Problem statement — Reproduce the records below exactly, but only between the lines holding "研究表明在控制秋粘虫方面生物农药应优于化学农药" and "belgica antarctica expeditie 59.1a.jpg", inclusive.

Records drawn from a dataset —
+++++
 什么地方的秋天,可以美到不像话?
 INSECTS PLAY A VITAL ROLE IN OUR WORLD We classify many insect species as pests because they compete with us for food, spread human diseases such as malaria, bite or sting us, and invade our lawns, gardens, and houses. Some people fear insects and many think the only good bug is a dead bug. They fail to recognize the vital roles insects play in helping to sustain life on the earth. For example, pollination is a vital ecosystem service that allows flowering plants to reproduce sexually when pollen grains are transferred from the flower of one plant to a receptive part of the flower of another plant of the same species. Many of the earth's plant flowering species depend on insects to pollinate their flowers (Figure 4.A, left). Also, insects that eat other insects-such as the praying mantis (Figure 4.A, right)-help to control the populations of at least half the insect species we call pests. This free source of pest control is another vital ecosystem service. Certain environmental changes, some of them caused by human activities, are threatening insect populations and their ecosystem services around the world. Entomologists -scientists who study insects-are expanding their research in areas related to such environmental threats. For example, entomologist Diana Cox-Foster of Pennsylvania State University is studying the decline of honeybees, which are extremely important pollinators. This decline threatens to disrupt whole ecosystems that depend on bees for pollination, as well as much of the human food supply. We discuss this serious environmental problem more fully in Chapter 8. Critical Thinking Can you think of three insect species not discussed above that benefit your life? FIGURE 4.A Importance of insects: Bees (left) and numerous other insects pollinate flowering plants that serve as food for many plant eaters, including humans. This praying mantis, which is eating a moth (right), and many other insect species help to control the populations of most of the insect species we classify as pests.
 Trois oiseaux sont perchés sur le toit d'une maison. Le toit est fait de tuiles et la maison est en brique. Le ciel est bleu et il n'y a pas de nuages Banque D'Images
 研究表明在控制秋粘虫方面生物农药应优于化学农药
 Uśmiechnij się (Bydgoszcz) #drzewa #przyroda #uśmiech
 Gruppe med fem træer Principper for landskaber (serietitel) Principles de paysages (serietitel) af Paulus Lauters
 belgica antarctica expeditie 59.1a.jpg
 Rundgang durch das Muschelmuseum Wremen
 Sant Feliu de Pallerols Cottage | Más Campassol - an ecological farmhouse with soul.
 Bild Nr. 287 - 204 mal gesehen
+++++
Problem solution —
 研究表明在控制秋粘虫方面生物农药应优于化学农药
 Uśmiechnij się (Bydgoszcz) #drzewa #przyroda #uśmiech
 Gruppe med fem træer Principper for landskaber (serietitel) Principles de paysages (serietitel) af Paulus Lauters
 belgica antarctica expeditie 59.1a.jpg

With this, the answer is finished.